REQUIRED WORK
The line bearing "Johnston & Murphy", together with all lines after it to the end of the material, should be repeated exactly; leave out everything else.

[[ SUPPLIED DATA open ]]

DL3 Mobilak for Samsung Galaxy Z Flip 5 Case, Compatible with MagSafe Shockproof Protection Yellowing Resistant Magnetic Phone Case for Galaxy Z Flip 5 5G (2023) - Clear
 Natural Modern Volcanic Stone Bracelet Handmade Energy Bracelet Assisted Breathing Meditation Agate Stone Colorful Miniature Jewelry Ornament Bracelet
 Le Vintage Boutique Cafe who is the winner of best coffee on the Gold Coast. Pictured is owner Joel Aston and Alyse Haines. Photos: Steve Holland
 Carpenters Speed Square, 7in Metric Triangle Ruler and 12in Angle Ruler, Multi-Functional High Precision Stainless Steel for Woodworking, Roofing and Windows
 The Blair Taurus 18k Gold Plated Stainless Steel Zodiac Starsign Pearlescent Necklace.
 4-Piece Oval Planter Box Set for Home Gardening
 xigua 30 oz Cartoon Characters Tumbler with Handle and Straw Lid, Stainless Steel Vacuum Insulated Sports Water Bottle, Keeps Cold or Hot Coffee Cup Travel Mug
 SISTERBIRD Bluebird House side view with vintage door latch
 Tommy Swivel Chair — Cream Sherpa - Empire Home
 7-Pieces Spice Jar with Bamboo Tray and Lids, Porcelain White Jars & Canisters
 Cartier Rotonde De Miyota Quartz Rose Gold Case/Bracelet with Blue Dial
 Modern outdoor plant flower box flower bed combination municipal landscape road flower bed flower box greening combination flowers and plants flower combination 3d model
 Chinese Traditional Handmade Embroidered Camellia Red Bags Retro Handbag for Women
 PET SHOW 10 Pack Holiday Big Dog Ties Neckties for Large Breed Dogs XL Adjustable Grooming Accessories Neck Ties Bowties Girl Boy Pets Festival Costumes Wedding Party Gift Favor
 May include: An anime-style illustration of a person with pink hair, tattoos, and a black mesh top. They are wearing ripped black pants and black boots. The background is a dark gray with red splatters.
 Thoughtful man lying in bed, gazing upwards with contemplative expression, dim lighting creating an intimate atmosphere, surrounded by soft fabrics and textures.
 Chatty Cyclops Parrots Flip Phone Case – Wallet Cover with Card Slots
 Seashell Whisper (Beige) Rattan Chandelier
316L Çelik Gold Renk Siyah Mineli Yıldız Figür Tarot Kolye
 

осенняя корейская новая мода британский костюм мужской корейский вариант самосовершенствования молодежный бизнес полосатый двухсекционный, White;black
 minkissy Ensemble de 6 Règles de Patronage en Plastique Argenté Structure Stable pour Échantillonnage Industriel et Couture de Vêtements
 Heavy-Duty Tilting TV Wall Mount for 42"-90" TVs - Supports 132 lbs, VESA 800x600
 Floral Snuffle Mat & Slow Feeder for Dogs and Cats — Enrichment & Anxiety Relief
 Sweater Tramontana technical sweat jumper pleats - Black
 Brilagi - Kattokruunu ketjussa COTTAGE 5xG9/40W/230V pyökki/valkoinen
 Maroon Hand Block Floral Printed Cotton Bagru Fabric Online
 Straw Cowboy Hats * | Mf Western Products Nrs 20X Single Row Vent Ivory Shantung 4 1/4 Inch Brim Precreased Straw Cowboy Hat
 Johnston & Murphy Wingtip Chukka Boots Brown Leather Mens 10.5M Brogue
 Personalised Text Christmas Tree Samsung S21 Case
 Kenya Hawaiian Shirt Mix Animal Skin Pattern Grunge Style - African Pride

[[ SUPPLIED DATA closed ]]

EXERCISE SOLUTION
 Johnston & Murphy Wingtip Chukka Boots Brown Leather Mens 10.5M Brogue
 Personalised Text Christmas Tree Samsung S21 Case
 Kenya Hawaiian Shirt Mix Animal Skin Pattern Grunge Style - African Pride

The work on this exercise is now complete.